[[ Provided records, beginning ]]
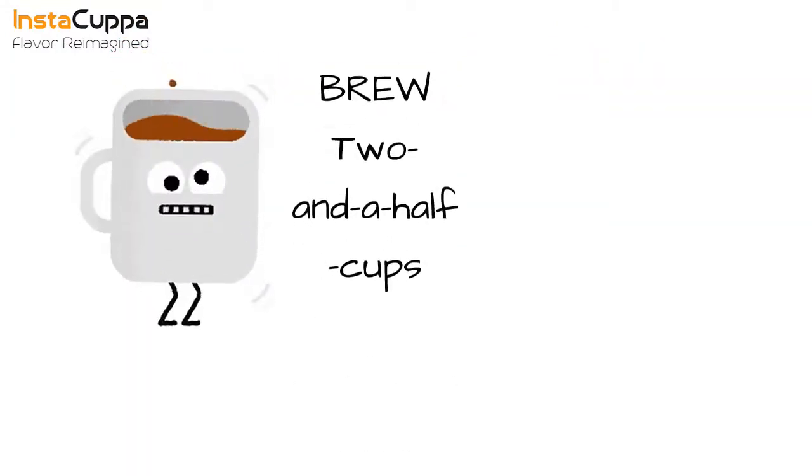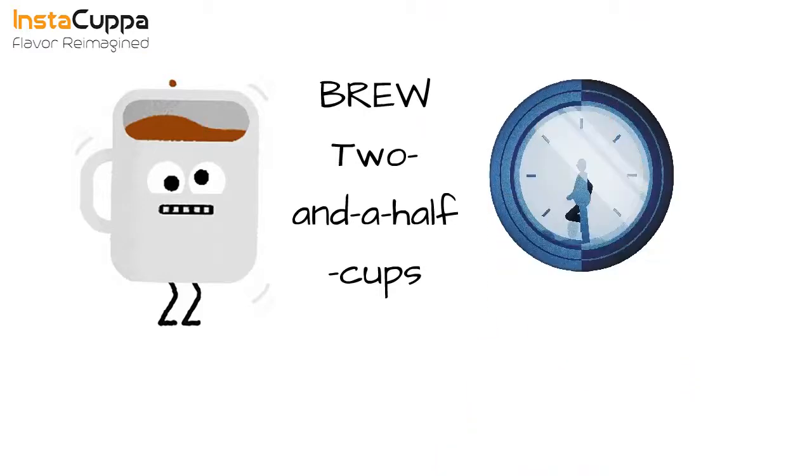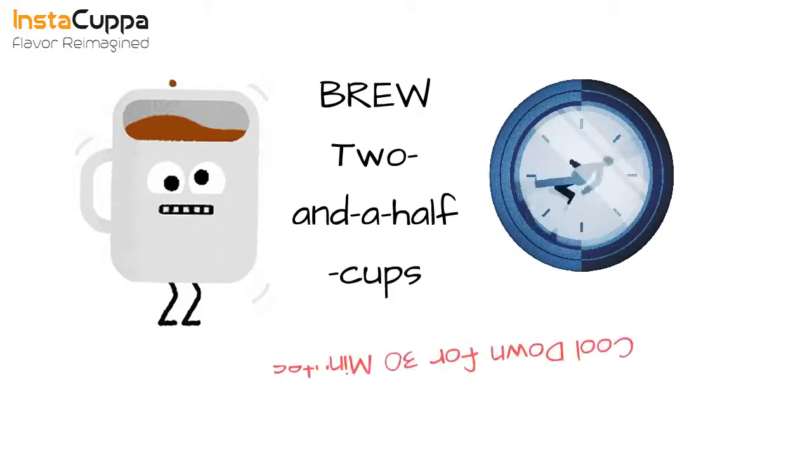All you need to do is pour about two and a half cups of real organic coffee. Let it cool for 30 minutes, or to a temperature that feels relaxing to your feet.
[[ Provided records, end ]]
[[ Provided records, beginning ]]
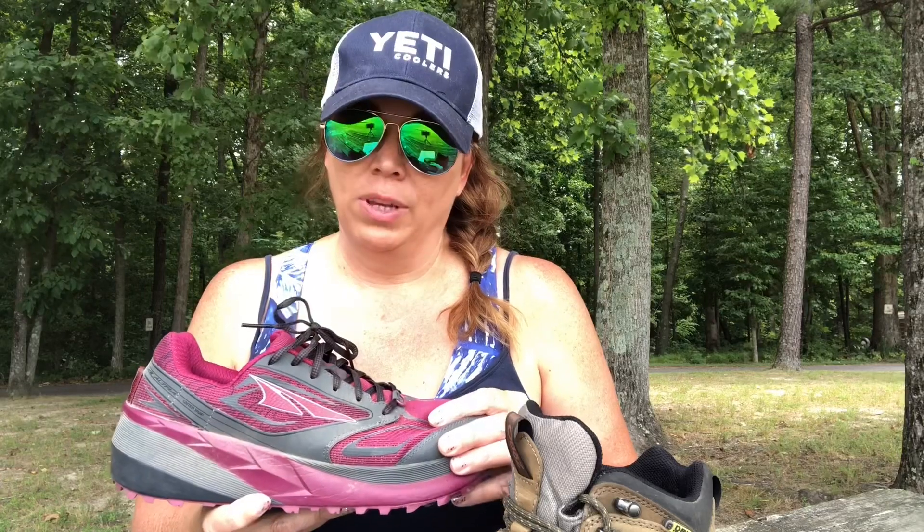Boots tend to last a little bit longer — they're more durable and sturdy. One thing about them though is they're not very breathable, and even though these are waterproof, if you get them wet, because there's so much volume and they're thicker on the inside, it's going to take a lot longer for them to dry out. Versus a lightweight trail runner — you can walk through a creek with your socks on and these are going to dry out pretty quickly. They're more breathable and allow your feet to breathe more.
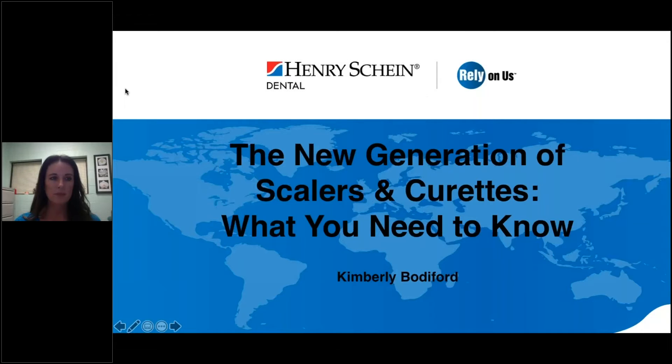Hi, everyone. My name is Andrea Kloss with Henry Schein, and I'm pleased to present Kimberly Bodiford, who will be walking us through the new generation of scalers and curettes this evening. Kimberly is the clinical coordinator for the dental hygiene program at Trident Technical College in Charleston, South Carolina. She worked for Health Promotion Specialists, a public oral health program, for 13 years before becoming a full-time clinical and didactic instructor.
[[ Provided records, end ]]
■ What you will do: Reproduce, exactly and only, the lines of the records above starting at the line with "Boots tend to" and ending at the line with "Hi, everyone. My", both included. Leave every picture out.

■ Result for this task:
Boots tend to last a little bit longer — they're more durable and sturdy. One thing about them though is they're not very breathable, and even though these are waterproof, if you get them wet, because there's so much volume and they're thicker on the inside, it's going to take a lot longer for them to dry out. Versus a lightweight trail runner — you can walk through a creek with your socks on and these are going to dry out pretty quickly. They're more breathable and allow your feet to breathe more.
Hi, everyone. My name is Andrea Kloss with Henry Schein, and I'm pleased to present Kimberly Bodiford, who will be walking us through the new generation of scalers and curettes this evening. Kimberly is the clinical coordinator for the dental hygiene program at Trident Technical College in Charleston, South Carolina. She worked for Health Promotion Specialists, a public oral health program, for 13 years before becoming a full-time clinical and didactic instructor.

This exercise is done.